Directions –
Would you give the listing again exactly as written, minus its pictures?

Material supplied –

● ● ● ●

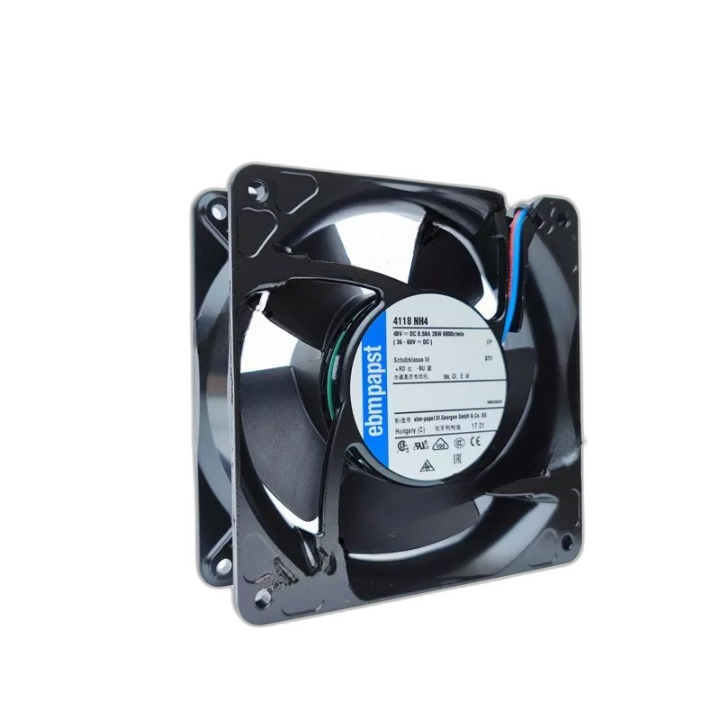Ebmpapst 4118NH4 48V 0.58A 28W 120*120*38MM 2-Wire Cabinet Axial Cooling Fan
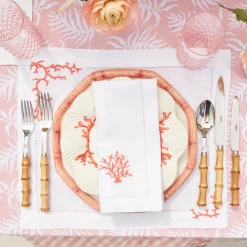 Coral Linen Placemats & Napkins (Set Of 4)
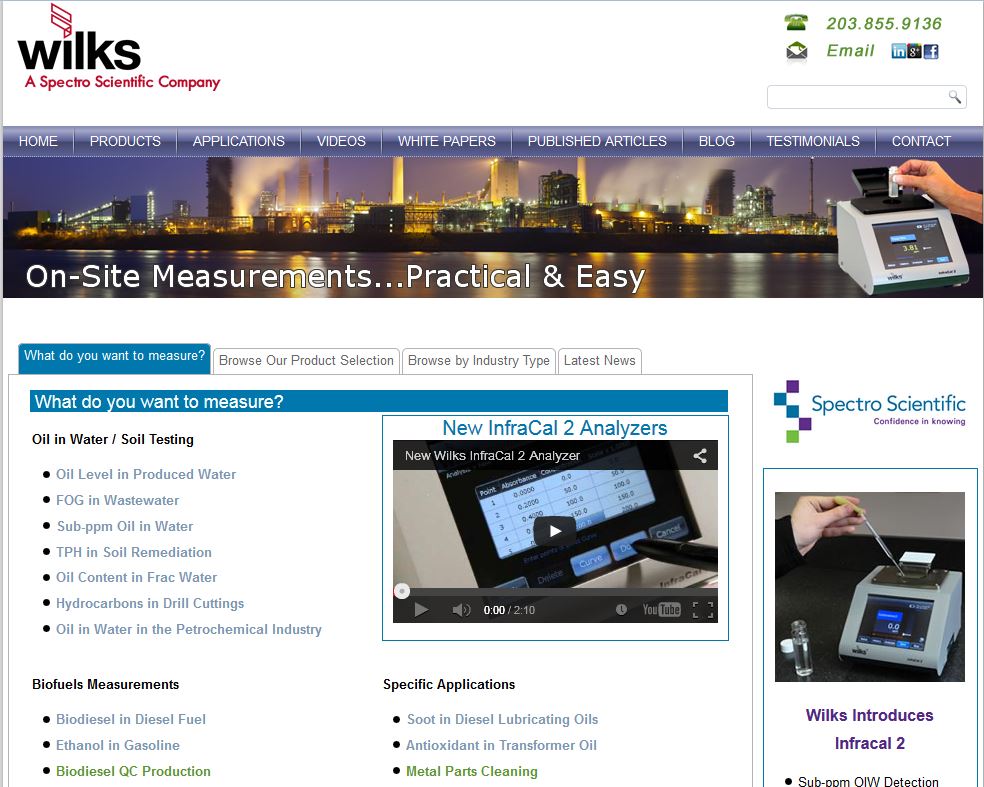 Products for Oil in Water/Soil, Biofuels, Ambient Air, and Other Application-Specific Measurements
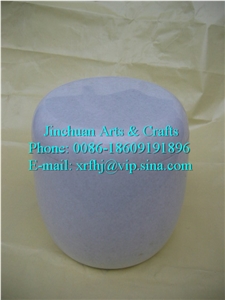 Xue-Hua-Bai White Marble Cremation Urn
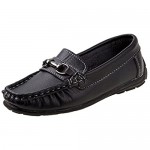 Josmo Boys Casual Driving Slip-on Shoe Size 13 Little Kid Black Buckle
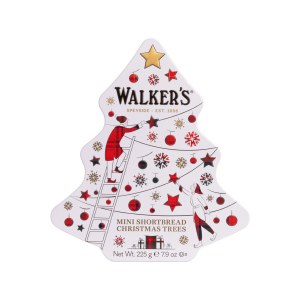 Additional picture of Walker's Mini Shortbread  Xmas Tree Tin - 225g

● ● ● ●

Exercise result –
Ebmpapst 4118NH4 48V 0.58A 28W 120*120*38MM 2-Wire Cabinet Axial Cooling Fan
 Coral Linen Placemats & Napkins (Set Of 4)
 Products for Oil in Water/Soil, Biofuels, Ambient Air, and Other Application-Specific Measurements
 Xue-Hua-Bai White Marble Cremation Urn
 Josmo Boys Casual Driving Slip-on Shoe Size 13 Little Kid Black Buckle
 Additional picture of Walker's Mini Shortbread  Xmas Tree Tin - 225g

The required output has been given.